Essentially, it’s all our fault ..


Jean-Paul Sartre had it right, though it’s not my intention to appease the cheese-eating surrender monkeys – after all, most of their philosophy is predicated upon the idea that smoking Gauloises is hip. And so is eating compost, mes amis (I speak as one who once lost his sense of taste for 24 hours after smoking trop de French fags … but that’s another story). But good ole JPS (note: cigarette related witticism) said that existence preceded essence and unless you’re a God-botherer, what’s to argue about? Our souls, our selves, are the product of our inherited nature and our experience. ‘Inherited nature’, of course, comes a little before experience in the dictionary of character acquisition but don’t assume you’d end up with much of a personality if you grew up in a barrel – rather we’re talking about the subtle spin your instincts and of course your hormones give to (and here I invent a new philosophical term) wh’appen.

Wh’appen is what shapes you, brothers, and that’s the problem with the new ruling class.

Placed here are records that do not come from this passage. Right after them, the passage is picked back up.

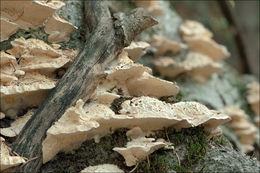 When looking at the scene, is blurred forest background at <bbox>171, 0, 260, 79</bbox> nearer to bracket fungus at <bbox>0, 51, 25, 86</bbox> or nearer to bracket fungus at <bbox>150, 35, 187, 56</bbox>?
bracket fungus at <bbox>150, 35, 187, 56</bbox>

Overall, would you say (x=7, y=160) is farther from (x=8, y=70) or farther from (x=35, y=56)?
(x=35, y=56)

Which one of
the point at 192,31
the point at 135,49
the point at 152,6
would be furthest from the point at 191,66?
the point at 135,49

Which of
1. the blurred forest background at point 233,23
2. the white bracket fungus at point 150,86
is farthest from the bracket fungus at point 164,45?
the white bracket fungus at point 150,86

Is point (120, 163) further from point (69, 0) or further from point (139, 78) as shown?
point (69, 0)

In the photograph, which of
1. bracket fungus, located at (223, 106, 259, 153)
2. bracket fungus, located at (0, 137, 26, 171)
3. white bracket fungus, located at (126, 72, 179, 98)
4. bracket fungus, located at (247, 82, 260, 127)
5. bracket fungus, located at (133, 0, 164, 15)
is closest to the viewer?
bracket fungus, located at (0, 137, 26, 171)

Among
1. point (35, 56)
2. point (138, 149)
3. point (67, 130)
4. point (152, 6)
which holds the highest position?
point (152, 6)

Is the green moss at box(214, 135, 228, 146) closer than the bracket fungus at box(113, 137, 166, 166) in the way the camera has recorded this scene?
No

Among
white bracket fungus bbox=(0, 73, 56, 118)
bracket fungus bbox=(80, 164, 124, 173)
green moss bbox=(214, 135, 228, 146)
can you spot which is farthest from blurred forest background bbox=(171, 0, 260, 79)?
bracket fungus bbox=(80, 164, 124, 173) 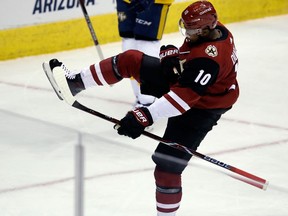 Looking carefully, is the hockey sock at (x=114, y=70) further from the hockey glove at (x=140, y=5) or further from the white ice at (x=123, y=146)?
the hockey glove at (x=140, y=5)

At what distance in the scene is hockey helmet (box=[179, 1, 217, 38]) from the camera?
2783 mm

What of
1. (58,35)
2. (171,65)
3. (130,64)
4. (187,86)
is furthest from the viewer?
(58,35)

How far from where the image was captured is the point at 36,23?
5770 millimetres

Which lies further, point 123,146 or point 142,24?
point 142,24

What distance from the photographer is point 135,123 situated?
2.71m

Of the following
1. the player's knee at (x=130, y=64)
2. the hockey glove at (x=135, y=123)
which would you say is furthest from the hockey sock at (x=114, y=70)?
the hockey glove at (x=135, y=123)

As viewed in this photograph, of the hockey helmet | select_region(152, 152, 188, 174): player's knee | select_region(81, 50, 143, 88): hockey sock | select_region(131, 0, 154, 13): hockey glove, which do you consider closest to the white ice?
select_region(152, 152, 188, 174): player's knee

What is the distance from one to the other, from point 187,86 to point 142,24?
5.19 ft

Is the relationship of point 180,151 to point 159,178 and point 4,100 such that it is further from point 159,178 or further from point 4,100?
point 4,100

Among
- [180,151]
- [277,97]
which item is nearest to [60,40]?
[277,97]

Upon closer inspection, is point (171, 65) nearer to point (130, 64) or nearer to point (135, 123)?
point (130, 64)

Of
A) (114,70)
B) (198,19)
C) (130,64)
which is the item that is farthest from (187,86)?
(114,70)

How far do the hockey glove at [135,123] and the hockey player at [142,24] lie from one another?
147 cm

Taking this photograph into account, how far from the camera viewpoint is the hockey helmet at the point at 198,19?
2783 millimetres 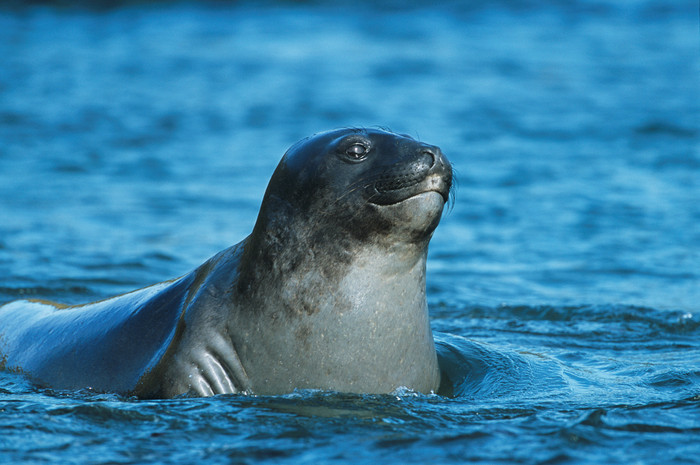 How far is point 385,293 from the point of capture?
573 cm

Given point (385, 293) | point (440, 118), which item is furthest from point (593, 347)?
point (440, 118)

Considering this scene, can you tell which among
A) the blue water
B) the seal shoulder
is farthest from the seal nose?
the seal shoulder

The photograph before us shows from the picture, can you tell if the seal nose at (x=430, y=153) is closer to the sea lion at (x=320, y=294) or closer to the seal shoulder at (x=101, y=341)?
the sea lion at (x=320, y=294)

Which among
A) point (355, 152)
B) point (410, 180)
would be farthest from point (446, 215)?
point (410, 180)

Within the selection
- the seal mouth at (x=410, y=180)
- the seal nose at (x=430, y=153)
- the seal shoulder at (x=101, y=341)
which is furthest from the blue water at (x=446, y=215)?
the seal nose at (x=430, y=153)

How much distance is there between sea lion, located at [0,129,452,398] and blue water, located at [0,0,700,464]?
0.57ft

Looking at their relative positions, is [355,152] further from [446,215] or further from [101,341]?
[446,215]

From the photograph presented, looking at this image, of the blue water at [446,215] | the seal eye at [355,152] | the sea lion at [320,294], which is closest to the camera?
the blue water at [446,215]

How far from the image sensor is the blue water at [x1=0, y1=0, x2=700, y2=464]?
5.20 meters

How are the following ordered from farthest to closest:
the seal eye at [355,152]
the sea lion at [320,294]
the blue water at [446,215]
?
1. the seal eye at [355,152]
2. the sea lion at [320,294]
3. the blue water at [446,215]

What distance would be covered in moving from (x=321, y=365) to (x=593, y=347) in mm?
3061

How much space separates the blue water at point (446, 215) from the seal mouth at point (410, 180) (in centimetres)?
109

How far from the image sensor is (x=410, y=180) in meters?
5.65

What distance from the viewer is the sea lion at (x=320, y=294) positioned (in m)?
5.62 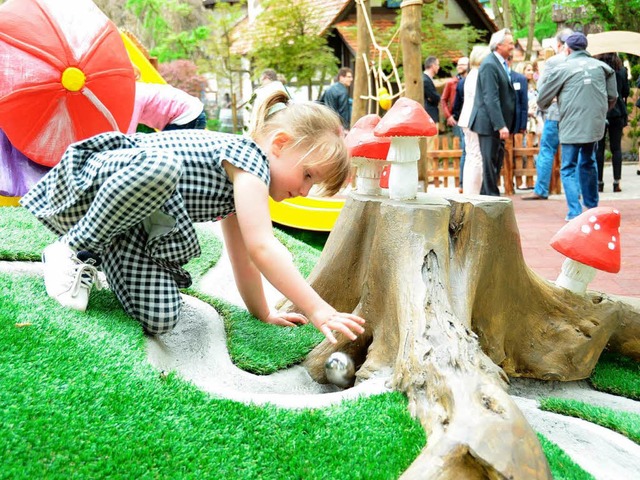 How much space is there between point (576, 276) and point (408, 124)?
1.17 metres

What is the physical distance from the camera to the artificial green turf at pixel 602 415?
7.54 ft

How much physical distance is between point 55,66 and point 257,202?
2443 mm

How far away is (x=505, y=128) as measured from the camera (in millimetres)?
6648

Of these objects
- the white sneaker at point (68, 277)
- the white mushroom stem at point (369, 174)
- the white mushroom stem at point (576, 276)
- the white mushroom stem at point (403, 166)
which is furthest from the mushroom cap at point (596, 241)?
the white sneaker at point (68, 277)

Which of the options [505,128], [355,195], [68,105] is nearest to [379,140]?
[355,195]

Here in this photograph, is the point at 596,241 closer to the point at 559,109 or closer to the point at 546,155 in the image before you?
the point at 559,109

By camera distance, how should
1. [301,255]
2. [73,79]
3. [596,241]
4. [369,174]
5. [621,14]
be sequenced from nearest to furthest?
[596,241], [369,174], [73,79], [301,255], [621,14]

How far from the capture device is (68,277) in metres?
2.43

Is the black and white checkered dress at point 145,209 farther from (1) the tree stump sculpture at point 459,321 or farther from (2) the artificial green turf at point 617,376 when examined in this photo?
(2) the artificial green turf at point 617,376

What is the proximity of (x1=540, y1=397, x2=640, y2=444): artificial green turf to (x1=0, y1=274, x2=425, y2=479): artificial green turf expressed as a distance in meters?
0.88

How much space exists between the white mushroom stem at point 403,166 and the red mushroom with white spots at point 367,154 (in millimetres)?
238

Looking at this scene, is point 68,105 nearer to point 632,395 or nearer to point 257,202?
point 257,202

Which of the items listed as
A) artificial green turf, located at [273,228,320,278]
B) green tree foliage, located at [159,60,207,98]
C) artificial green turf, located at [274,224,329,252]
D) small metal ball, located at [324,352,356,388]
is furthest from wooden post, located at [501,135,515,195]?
green tree foliage, located at [159,60,207,98]

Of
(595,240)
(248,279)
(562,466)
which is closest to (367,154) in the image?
(248,279) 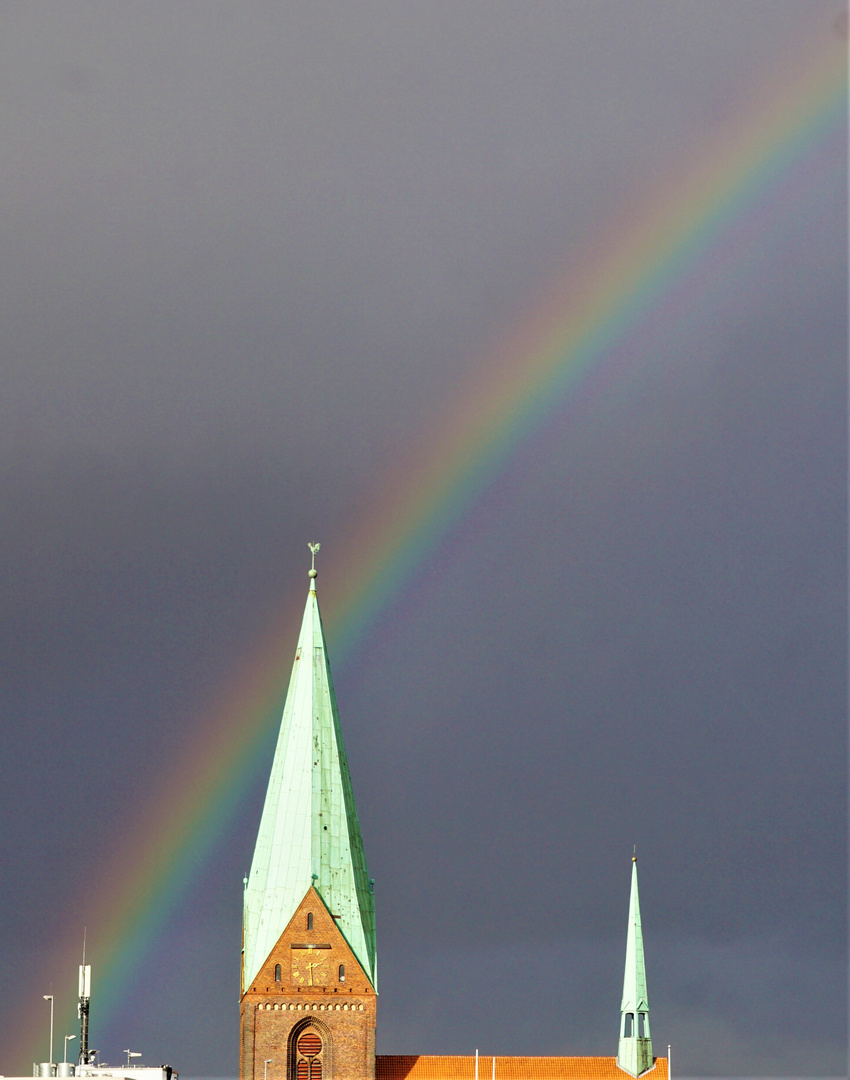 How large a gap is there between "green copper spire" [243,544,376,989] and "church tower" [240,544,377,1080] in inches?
2.0

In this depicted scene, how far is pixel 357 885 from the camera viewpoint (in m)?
147

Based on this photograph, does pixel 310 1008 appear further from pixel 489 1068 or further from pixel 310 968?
pixel 489 1068

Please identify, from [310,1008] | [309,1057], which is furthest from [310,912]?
[309,1057]

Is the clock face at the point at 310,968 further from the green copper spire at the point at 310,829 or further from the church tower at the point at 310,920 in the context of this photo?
the green copper spire at the point at 310,829

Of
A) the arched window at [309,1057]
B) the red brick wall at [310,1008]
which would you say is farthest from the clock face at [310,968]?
the arched window at [309,1057]

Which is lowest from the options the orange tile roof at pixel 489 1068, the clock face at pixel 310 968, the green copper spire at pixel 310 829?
the orange tile roof at pixel 489 1068

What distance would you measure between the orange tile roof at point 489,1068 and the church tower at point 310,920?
4853 millimetres

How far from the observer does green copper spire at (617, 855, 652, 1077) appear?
154 metres

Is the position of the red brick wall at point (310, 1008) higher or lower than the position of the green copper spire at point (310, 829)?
lower

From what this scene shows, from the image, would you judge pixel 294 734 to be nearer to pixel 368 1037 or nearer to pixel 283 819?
pixel 283 819

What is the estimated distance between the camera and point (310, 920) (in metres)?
147

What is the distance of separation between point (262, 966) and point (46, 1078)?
50.1 ft

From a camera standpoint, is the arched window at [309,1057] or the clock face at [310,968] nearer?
the clock face at [310,968]

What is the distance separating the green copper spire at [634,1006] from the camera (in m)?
154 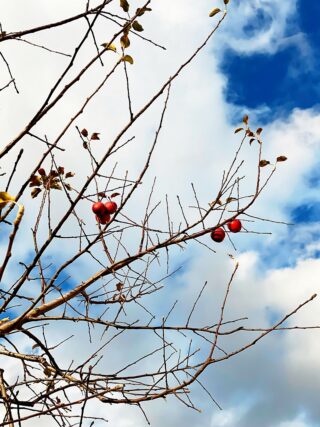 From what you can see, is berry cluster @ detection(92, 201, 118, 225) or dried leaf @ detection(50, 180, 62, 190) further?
berry cluster @ detection(92, 201, 118, 225)

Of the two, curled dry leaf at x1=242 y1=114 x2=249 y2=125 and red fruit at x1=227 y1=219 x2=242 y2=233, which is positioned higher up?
curled dry leaf at x1=242 y1=114 x2=249 y2=125

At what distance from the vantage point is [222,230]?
4.16m

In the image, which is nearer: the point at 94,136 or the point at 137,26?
the point at 137,26

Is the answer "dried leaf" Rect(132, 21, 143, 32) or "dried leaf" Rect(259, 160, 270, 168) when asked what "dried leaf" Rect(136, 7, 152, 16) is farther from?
"dried leaf" Rect(259, 160, 270, 168)

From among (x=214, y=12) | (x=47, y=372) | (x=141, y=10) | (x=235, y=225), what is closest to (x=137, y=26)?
(x=141, y=10)

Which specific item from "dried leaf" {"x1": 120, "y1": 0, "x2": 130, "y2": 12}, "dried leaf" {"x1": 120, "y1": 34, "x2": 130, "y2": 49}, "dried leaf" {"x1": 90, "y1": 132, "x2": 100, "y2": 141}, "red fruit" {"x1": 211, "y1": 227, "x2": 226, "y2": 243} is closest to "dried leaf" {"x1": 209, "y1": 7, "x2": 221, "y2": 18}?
"dried leaf" {"x1": 120, "y1": 0, "x2": 130, "y2": 12}

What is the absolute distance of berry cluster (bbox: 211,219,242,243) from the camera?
408 centimetres

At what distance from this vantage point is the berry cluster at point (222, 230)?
4.08 m

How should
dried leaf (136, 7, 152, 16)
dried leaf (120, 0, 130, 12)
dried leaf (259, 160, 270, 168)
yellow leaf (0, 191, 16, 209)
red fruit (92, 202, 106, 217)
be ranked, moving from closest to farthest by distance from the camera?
1. yellow leaf (0, 191, 16, 209)
2. dried leaf (136, 7, 152, 16)
3. dried leaf (120, 0, 130, 12)
4. red fruit (92, 202, 106, 217)
5. dried leaf (259, 160, 270, 168)

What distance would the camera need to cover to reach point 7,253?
1.38 metres

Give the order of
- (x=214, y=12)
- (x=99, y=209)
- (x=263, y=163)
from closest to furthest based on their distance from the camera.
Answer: (x=214, y=12) < (x=99, y=209) < (x=263, y=163)

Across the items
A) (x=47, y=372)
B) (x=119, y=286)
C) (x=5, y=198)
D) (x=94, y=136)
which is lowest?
(x=5, y=198)

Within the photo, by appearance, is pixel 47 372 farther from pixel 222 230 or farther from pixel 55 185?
pixel 222 230

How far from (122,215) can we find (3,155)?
1.75 metres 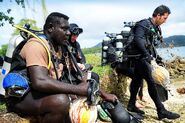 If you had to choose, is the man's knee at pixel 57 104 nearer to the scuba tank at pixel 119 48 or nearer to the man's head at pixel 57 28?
→ the man's head at pixel 57 28

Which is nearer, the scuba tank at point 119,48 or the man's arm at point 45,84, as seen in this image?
the man's arm at point 45,84

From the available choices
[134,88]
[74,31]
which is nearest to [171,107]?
[134,88]

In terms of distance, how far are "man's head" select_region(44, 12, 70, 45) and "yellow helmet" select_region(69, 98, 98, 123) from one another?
0.74 m

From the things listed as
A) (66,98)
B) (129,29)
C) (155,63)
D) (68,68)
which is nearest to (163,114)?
(155,63)

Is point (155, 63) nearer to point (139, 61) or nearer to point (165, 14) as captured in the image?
point (139, 61)

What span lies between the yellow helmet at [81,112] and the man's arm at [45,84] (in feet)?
0.51

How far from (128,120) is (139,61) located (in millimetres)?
3183

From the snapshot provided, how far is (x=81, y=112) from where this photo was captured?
4.57 meters

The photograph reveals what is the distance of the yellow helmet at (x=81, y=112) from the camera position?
179 inches

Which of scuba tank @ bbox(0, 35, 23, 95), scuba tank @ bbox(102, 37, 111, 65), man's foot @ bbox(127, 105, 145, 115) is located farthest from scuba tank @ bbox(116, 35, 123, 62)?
scuba tank @ bbox(0, 35, 23, 95)

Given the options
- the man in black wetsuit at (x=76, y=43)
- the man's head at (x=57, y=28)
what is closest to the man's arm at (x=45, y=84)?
the man's head at (x=57, y=28)

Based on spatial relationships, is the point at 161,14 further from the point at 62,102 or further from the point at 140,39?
the point at 62,102

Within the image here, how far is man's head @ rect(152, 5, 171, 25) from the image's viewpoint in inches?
320

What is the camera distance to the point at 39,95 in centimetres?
458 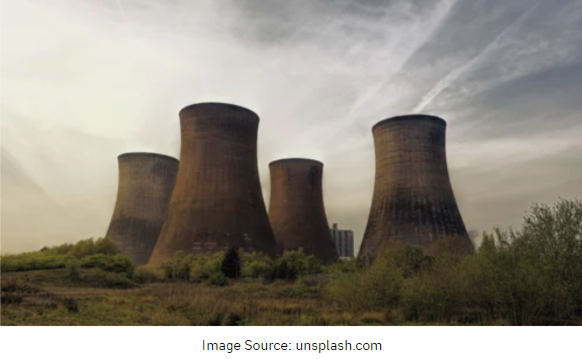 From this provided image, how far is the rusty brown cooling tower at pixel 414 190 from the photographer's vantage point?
2275 centimetres

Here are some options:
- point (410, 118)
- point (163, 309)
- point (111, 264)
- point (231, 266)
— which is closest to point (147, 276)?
point (111, 264)

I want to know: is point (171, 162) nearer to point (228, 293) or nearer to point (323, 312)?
point (228, 293)

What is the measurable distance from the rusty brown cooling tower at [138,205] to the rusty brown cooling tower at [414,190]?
13096mm

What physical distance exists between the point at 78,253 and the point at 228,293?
32.5ft

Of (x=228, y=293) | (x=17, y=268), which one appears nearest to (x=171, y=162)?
(x=17, y=268)

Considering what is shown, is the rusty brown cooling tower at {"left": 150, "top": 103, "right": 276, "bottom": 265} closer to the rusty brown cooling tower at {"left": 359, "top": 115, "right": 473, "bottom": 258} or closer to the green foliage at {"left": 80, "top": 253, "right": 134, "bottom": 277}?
the green foliage at {"left": 80, "top": 253, "right": 134, "bottom": 277}

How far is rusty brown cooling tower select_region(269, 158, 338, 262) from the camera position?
2984 cm

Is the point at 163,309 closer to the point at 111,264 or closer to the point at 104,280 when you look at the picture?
the point at 104,280

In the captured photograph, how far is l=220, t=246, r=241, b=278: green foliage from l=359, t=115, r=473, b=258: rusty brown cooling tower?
26.4 ft

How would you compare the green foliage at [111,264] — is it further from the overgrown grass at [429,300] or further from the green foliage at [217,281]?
the overgrown grass at [429,300]

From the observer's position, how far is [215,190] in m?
21.4

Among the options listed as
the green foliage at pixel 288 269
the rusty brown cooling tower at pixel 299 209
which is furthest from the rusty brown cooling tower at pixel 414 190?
the rusty brown cooling tower at pixel 299 209

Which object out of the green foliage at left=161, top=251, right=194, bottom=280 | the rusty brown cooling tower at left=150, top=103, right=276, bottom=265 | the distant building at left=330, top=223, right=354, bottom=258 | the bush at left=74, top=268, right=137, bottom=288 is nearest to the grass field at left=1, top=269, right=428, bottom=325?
the bush at left=74, top=268, right=137, bottom=288

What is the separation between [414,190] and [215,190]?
31.0 feet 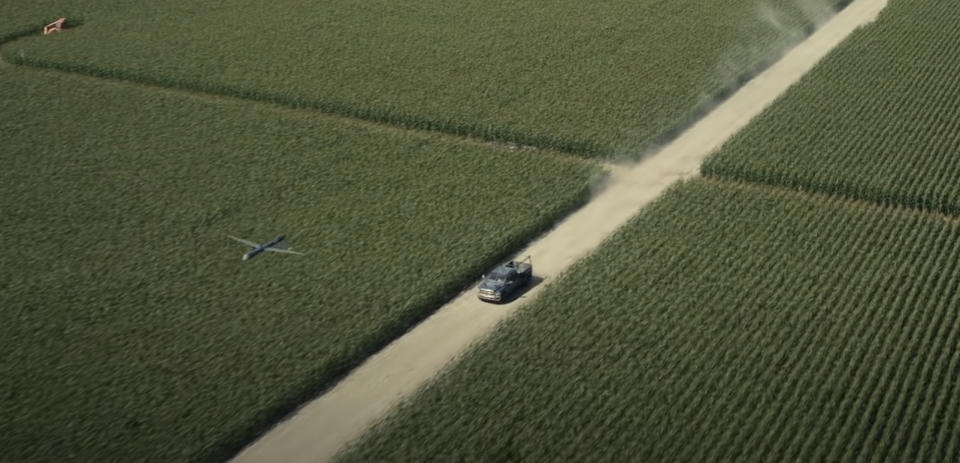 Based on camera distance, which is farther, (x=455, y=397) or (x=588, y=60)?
(x=588, y=60)

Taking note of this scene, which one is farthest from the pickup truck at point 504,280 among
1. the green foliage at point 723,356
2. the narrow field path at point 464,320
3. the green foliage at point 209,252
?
the green foliage at point 209,252

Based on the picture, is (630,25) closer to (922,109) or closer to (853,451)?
(922,109)

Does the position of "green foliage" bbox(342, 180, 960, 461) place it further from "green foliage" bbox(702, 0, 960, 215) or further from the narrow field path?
"green foliage" bbox(702, 0, 960, 215)

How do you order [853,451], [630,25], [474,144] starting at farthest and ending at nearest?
[630,25] < [474,144] < [853,451]

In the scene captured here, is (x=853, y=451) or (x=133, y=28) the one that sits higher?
(x=853, y=451)

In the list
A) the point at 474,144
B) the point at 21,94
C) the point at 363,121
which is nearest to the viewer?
the point at 474,144

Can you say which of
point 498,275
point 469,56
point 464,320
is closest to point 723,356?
point 498,275

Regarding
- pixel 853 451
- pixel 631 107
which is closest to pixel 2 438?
pixel 853 451

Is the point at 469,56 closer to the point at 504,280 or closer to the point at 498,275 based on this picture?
the point at 498,275
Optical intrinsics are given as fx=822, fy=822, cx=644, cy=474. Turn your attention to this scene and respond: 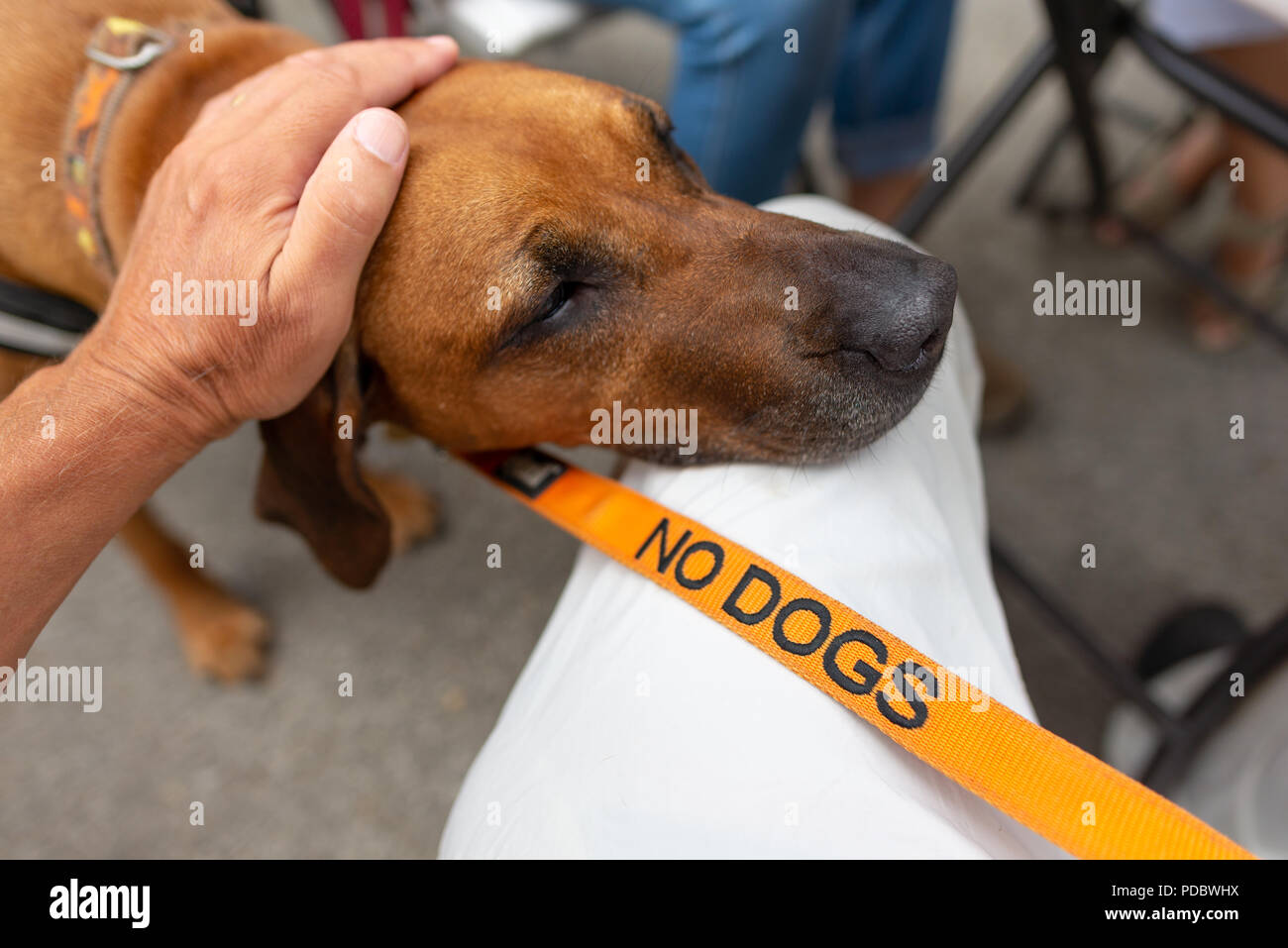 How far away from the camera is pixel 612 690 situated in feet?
3.59

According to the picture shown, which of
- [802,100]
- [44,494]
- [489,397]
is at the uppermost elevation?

The tea-leaf politicians ranted about so eloquently on this site – the bankers and traders – the spin-doctors and other plunderers of the public purse are doing what they were brought up to do – programmed to do. Empowered by the rise of education as a means to advancement (instead of heredity or trade), the former  ’middle’ class scooped the jackpot and assumed they deserved it. This they did because the mechanics of getting and spending formed the milieu of their upbringing. The old rich never counted their money – perhaps they weren’t clever enough. But we – ‘cos it’s us, you and me I’m talking about – we were selected, by scholarship and exhibition, tested by examination, honed by university and finally ejected into a world run by our near-peers with the mandate to fill our boots. Our parents had carefully costed their lives; not parsimoniously because they too lived in a time of rising plenty but with that attention to detail that comes from having, in Harold Macmillan’s words, never had it so good. We took that careful accountancy and applied it to the business of making some serious money – as we applied, too, our trained intellects to the same task. Small wonder then, that the complexity of late 20th century financial instruments exceeded anything that had gone before. The clever piggies were taking their turn at the trough.

But the clever piggies lacked insouciance, they lacked a piratical swagger, they lacked a sense of fun. They, above all, had been raised to know the value of money. In the South of England for almost thirty years now the standard topic of dinner party conversation has been the price of things – houses above all, because house price speculation was (is?) a monster source of yet more dosh. The piggies love their houses. And then their cars, their white goods, their furniture …

It’s not an accident that one of my  contemporaries at a ‘great’ University was once the highest claimer of expenses among his cadre of Labour MPs. He was a very clever piggy. But I would maintain that he also had, at least to begin with, a genuine sense of obligation, a wish to do his duty for the toiling masses …. except there are, when you look, no toiling masses. Only the uneducated failures upon whom the system which manifestly rewards the deserving (ie, us) has pronounced its verdict. So the piggy shrugs his porcine shoulders and leaves the great unwashed to its drug dealing and drive by shootings, and concentrates once and for all upon that most excellent of causes, himself. And in this he is enabled to go forward without the pricking of conscience, because he has been formed to expect the world’s bounty; to cost it, quantify and enjoy it soullessly, his essence being that of the money changers in the temple, quite unworthy of Paradise.